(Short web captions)

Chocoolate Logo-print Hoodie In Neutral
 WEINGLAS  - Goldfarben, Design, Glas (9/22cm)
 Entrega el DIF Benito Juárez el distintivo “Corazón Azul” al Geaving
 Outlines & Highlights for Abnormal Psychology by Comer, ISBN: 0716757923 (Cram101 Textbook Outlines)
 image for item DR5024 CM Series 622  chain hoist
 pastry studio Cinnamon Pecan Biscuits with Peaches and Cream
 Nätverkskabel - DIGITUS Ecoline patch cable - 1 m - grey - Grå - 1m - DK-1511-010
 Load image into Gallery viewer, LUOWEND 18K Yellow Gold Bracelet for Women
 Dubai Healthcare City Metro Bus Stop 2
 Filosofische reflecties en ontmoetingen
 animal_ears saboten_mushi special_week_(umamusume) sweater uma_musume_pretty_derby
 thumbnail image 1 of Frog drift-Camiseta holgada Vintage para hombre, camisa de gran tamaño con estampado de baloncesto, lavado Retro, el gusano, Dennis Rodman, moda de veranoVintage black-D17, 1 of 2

[WHAT YOU HAVE TO DO]
Starting with the line above that holds "Design, Glas (9/22cm)" and stopping with the line that holds "image for item", reproduce each line exactly, omitting all other lines.

[SOLUTION FOR THIS EXERCISE]
 WEINGLAS  - Goldfarben, Design, Glas (9/22cm)
 Entrega el DIF Benito Juárez el distintivo “Corazón Azul” al Geaving
 Outlines & Highlights for Abnormal Psychology by Comer, ISBN: 0716757923 (Cram101 Textbook Outlines)
 image for item DR5024 CM Series 622  chain hoist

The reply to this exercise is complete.